Tag Archives: meditation

Is there Something Dangerous About Seeking Stillness in Prayer?

Some Christians are up in arms about people who advocate seeking stillness in prayer, accusing them of pantheism, heresy, sorcery, and other things. It’s true that some kinds of misnamed “prayer” involving visualization are closer to occultism than genuine prayer, but is simply seeking to achieve inner quietness in prayer unreasonable? This ministry recently received a letter in which someone described the difficulties they were having in prayer:

How do you empty your mind of the noise of your own thoughts, clamoring, jangling, huge bright pictures that never stop so you can be still? I sometimes spend hours trying to clear my head prior to prayer . . . only to never achieve stillness. Any suggestions?
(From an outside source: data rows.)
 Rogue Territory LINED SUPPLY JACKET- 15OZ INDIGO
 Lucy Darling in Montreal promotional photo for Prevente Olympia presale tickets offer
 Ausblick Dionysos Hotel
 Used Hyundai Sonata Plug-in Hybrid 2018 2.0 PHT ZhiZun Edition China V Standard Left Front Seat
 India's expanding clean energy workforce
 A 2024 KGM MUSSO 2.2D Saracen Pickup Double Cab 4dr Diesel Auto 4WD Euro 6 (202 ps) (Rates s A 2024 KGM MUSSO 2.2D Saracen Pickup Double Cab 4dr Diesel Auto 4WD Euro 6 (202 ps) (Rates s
We pray for lots of reasons. We bring our requests, hopes, and longings before the Lord. We ask for His direction and wisdom. We seek to express thanksgiving and adoration to Him, acknowledging and expressing our faith in His goodness, holiness, and love.

Regardless of our specific reasons, I suspect that freedom from distractions—including distracting thoughts—was a reason so many godly men spent time in desert solitude following their calling: Moses, Elijah, John the Baptist, Paul, and Jesus Himself (Matthew 14:23; Luke 5:16; John 6:15).
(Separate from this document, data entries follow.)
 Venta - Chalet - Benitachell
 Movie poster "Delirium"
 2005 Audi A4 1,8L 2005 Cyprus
It’s probably impossible to completely free our minds of competing thoughts and “mental static.” Even if we were able to empty our consciousness of competing thoughts, subconscious images and memories—like the hallucinations we see and hear when we are falling asleep—would begin to appear. However, it is reasonable to seek to redirect our thoughts.

The writings of some of the ascetic saints of the early centuries of church history are interesting because of the ways they sought quietness in prayer. But achieving perfect stillness isn’t necessary. God is concerned with the intent of our heart. The apostle Paul writes:

The Spirit helps us in our weakness. We do not know what we ought to pray for, but the Spirit Himself intercedes for us with groans that words cannot express. And He who searches our hearts knows the mind of the Spirit, because the Spirit intercedes for the saints in accordance with God’s will (Romans 8:26-27 niv).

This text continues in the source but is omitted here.